WORK ITEM
Only the lines from the start of the material through the line containing "Barcelona: E-Scooter or" are to be extracted, exactly as they appear.

______

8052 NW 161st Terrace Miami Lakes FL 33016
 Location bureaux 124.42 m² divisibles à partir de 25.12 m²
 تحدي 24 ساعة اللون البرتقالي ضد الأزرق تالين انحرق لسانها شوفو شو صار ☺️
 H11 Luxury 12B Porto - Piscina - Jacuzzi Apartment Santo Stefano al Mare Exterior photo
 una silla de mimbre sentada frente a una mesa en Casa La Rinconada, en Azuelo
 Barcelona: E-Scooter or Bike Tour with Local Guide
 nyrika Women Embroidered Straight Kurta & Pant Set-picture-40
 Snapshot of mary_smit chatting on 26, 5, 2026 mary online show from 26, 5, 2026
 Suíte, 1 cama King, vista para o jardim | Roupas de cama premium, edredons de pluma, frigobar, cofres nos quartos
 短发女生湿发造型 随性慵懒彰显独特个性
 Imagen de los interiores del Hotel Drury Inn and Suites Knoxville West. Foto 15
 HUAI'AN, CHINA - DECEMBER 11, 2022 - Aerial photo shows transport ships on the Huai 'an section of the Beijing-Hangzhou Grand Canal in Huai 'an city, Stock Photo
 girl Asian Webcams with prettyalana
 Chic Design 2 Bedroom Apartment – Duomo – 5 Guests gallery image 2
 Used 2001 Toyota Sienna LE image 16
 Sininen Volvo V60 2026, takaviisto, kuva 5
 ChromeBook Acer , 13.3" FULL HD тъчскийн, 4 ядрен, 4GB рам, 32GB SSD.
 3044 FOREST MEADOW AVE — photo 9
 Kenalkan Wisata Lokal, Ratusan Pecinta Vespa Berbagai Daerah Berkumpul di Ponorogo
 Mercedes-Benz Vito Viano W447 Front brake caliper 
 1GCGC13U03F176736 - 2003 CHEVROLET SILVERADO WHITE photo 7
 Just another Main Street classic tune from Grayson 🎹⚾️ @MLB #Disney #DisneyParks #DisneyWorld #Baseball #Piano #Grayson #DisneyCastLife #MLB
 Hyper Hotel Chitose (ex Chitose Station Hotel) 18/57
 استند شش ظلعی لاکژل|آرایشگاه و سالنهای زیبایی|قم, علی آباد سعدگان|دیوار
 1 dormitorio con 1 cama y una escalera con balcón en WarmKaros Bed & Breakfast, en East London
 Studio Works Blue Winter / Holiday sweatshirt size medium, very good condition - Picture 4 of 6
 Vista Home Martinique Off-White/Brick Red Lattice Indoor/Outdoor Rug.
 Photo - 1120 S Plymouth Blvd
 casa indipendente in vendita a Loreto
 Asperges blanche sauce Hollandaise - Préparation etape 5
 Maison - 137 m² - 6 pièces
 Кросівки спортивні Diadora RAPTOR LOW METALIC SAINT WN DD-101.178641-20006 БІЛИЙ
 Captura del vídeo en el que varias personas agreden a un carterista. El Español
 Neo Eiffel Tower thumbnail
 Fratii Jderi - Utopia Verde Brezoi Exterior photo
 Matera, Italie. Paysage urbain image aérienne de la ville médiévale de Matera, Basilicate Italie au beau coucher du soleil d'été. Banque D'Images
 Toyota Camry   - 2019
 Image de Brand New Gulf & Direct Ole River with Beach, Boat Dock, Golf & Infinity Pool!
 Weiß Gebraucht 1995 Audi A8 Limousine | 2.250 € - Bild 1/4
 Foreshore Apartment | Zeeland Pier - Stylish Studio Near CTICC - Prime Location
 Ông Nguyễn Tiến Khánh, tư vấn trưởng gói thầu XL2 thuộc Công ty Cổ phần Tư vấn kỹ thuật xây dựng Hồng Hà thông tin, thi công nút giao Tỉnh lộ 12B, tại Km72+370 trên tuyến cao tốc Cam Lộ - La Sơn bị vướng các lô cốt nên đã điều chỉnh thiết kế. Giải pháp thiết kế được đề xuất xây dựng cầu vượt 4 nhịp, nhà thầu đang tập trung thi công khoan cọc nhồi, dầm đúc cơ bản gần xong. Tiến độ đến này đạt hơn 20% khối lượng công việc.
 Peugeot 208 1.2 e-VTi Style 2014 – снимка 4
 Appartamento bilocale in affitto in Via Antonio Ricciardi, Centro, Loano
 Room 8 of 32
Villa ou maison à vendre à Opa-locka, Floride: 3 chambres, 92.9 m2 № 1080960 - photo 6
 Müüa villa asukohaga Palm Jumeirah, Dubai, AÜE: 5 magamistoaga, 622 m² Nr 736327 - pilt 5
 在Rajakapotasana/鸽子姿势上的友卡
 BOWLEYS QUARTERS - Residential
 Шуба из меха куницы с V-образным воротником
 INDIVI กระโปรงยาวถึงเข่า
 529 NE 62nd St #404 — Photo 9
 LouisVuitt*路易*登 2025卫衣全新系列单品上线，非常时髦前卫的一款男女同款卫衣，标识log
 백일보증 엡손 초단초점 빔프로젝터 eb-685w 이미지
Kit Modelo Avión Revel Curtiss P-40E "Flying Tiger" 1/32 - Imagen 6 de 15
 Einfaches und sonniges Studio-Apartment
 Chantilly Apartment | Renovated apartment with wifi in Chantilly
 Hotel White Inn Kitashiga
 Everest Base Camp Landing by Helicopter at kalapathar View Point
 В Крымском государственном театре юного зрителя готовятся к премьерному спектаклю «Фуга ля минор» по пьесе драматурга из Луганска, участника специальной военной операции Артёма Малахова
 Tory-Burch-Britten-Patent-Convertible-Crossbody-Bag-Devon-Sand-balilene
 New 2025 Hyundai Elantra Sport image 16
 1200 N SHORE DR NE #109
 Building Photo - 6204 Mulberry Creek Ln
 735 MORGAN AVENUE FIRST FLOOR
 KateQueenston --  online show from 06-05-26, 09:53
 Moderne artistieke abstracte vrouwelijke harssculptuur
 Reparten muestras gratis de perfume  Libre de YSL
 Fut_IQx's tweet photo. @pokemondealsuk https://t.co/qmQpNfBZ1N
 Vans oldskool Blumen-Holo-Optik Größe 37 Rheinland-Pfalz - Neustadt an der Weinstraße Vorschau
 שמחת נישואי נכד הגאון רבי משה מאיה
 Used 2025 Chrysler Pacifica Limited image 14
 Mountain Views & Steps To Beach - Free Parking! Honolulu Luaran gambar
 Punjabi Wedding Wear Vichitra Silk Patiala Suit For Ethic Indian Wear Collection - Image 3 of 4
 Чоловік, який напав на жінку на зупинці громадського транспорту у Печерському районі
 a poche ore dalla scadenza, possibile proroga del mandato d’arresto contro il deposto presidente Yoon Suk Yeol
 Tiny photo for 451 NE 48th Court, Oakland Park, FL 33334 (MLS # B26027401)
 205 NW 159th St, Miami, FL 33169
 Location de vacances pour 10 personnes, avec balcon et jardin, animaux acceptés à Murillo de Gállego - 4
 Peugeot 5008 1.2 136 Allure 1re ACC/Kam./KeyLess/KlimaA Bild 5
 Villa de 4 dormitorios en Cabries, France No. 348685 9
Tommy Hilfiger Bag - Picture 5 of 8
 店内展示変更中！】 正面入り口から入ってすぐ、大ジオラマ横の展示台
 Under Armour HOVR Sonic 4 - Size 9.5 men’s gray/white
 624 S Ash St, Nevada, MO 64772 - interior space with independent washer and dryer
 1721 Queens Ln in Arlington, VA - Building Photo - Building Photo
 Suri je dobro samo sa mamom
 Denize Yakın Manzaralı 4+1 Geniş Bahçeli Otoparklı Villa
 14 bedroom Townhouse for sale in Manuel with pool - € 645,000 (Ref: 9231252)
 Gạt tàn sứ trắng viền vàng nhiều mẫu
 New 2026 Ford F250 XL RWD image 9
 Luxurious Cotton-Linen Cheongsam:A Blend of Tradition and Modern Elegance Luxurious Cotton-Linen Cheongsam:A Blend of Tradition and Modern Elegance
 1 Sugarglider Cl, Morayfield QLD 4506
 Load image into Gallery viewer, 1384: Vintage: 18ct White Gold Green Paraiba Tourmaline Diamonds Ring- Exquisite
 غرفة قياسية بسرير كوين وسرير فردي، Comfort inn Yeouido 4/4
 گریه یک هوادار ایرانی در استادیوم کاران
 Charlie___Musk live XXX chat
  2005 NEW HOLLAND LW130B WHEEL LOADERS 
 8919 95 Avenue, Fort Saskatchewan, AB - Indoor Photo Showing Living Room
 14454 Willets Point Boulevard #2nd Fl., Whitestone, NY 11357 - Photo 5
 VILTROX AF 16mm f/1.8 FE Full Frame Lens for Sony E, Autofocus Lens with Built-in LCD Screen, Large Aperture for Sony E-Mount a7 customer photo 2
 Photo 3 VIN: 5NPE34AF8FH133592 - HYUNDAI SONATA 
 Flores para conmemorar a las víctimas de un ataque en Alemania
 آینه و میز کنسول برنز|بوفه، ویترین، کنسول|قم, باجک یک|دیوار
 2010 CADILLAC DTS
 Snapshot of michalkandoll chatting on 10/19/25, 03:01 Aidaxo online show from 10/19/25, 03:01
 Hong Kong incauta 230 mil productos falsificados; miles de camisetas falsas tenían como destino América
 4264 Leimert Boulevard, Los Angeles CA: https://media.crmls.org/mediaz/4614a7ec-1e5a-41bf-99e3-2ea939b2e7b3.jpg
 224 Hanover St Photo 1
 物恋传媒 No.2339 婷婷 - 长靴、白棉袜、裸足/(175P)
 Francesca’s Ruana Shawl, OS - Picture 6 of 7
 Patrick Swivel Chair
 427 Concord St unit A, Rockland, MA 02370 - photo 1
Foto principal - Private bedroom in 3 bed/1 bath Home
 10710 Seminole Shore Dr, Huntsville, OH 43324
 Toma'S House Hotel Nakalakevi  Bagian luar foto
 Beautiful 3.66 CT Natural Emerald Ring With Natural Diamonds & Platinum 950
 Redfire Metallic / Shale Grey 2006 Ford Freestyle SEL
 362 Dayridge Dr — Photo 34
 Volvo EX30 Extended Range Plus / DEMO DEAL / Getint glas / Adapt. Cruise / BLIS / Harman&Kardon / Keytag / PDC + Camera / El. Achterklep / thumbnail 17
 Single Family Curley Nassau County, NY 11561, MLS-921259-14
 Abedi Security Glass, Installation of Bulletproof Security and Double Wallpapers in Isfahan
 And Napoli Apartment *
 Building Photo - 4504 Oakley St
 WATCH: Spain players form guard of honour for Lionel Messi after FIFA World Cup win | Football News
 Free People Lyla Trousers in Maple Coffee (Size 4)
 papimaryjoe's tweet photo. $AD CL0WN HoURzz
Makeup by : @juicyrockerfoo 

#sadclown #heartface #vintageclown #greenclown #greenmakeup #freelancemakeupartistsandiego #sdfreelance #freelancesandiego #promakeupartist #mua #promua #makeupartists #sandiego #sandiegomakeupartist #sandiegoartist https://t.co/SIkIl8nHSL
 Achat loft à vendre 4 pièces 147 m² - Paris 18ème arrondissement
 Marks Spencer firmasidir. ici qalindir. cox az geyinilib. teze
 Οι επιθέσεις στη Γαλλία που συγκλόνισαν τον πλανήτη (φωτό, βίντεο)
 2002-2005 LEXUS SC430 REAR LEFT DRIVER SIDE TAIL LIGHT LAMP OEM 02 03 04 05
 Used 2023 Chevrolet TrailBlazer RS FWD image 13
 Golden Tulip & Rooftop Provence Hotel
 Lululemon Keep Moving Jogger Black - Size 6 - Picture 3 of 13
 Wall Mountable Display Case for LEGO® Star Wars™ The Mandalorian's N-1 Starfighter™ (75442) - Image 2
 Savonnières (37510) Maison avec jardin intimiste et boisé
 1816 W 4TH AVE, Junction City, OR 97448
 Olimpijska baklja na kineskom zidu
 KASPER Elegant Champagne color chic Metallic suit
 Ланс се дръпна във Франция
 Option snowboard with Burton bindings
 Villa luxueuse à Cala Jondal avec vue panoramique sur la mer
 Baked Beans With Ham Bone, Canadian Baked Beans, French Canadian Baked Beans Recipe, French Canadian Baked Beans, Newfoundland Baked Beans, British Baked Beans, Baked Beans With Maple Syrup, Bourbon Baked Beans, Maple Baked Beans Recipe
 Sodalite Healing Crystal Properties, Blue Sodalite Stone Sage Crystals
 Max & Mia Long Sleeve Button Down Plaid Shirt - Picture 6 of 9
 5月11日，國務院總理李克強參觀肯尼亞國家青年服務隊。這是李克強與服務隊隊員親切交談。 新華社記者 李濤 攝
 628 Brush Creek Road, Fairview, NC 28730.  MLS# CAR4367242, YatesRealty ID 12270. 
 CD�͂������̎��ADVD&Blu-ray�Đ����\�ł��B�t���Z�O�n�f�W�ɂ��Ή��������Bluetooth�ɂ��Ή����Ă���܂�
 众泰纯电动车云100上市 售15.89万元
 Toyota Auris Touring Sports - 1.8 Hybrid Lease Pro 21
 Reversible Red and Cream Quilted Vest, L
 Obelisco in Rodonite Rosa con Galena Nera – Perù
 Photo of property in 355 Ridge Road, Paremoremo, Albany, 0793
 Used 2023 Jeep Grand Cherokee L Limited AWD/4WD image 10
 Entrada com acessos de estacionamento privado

______

EXERCISE RESPONSE
8052 NW 161st Terrace Miami Lakes FL 33016
 Location bureaux 124.42 m² divisibles à partir de 25.12 m²
 تحدي 24 ساعة اللون البرتقالي ضد الأزرق تالين انحرق لسانها شوفو شو صار ☺️
 H11 Luxury 12B Porto - Piscina - Jacuzzi Apartment Santo Stefano al Mare Exterior photo
 una silla de mimbre sentada frente a una mesa en Casa La Rinconada, en Azuelo
 Barcelona: E-Scooter or Bike Tour with Local Guide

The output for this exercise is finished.